Great films don’t always have to take two-and-a-half hours. Sometimes, you can get an amazing, clever, beautiful short film all wrapped up in less than two-and-a-half minutes.
Sometimes, even less.
“Our shortest one this year is 39 seconds!” said Sharlene Millang, the director of the Edmonton Short Film Festival, happening tonight.
“It was funny. When the filmmaker first submitted it, it was one minute and 29 seconds. We said, ‘Umm … you know that over half of your film is your title and your credits?’” she laughed, referring to a cartoon series called ‘Johny5: Did You Smoke Pot?’ created by Jonathan Holeton. “It’s like an animated joke but it works!”

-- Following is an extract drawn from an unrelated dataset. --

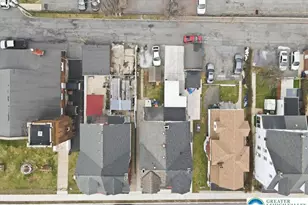 921 Broadway, Fountain Hill Boro, PA 18015 - Photo 65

Short films can be of any genre and any style. There are horrors and comedies, experimental films, animated works and documentaries. It’s really just like the wide, wide world of feature length film, only much, much shorter. In this fest, there is a 15-minute maximum for any one submission. No minimum.
Millang loves them so much that she doesn’t just produce the festival. She also makes shorts herself through her company Groove Soldier Productions. She first toured her work through the festival circuit and came to discover something important.

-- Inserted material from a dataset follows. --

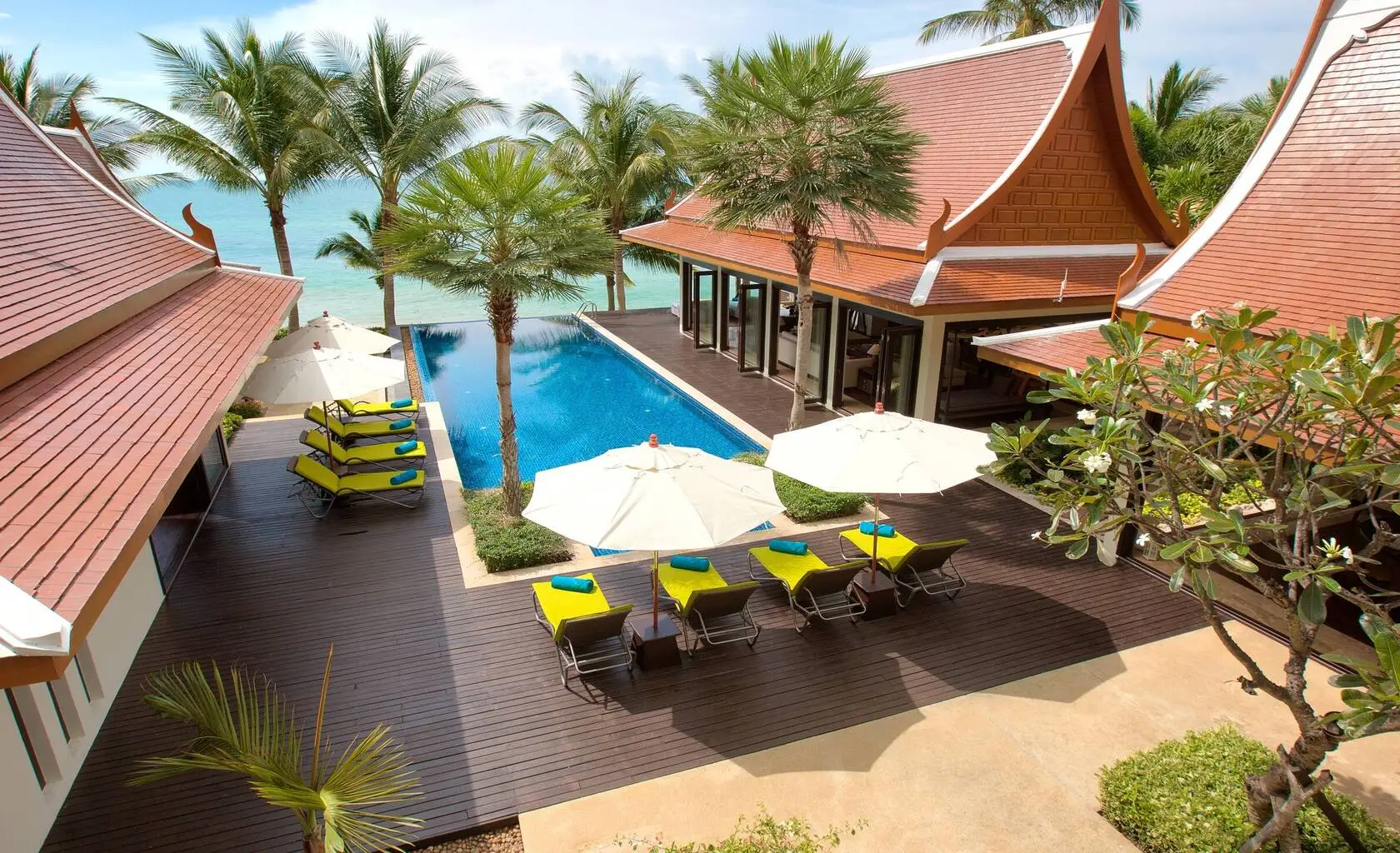Baan Chang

“What we noticed was a sad lack of local festival content in Alberta. Lots and lots of international festivals but not so much just for Albertans. There are a lot of us who are only making short films.”
The first short film festival in Edmonton was two years ago and was a resounding success. Now firmly established as a presence on the city’s cultural calendar, Millang received more than 550 minutes’ worth of submissions. Screening the best of the best means that there will be approximately 155 minutes of films to view tonight.
She said that because of the overwhelmingly positive response, there’s a strong case for expanding the fest to two days in the future, maybe even next year.
There are more than 20 films that will be screened tonight, including works by Richard Lukacs, Eva Colmers, Christina Ienna, Myles Belland Jason Jeffery and Justin Kueber. Kueber describes The Last Slice as a fun music video.
“We can't wait for the audience to see it. It's a man's love story to his last slice of pizza so hopefully it gets a few chuckles.”
Also on the handbill is a 15-minute episode of Invincible from its first season. The Open Sky Pictures production by Fred Kroetsch and St. Albert-raised Kurt Spenrath is broadcast on Telus Optik TV.
The biographical series looks at the challenges faced by disabled Canadians, with Daniel Ennett, a quadruple amputee, at front and centre as he explores art, work and sports in the disabled community.
Invincible is an unmitigated success as Kroetsch and Spenrath are currently off to start filming the third season. Together, they won the Hot Docs 2015 Short Film Competition and were nominated for five AMPIA awards including best short documentary and best documentary series. They also won the first BravoFactual award in 2013.
“We’ve been in lots of short film festivals before but not this one,” Kroetsch said, thankful for the openness of the selection criteria.
“The regulation for the Edmonton Short Film Festival is that (the entry) could be an episode of a web series or a TV series. It just had to be short.”
The episode clocks in at the maximum allotted time.
In addition to the juried films being screened, there will also be a pre-roll of animated films supplied by the National Film Board. That selection includes the Oscar-nominated Me and My Moulton. That starts at 6:05 p.m.
Tickets at the door are $20.00 and include complimentary popcorn and hors d’oeuvres. There will also be live music and a cash bar. Filmmakers will be in attendance.
Doors open at 6 p.m. and the juried films start at 7 p.m.
The fest is also hosting a special Filmmaking Master Class by Bryan Michael Stoller, award-winning producer/director/writer of such films as First Dog and author of the Screenwriting for Dummies. He made his name creating some hilarious pop culture inspired spoof shorts for Super Channel and Dick Clark’s Bloopers shows back in the 1980s.
That will be held at the El Cortez restaurant today from 11:30 a.m. to 2 p.m. A limited number of tickets are available to the general public.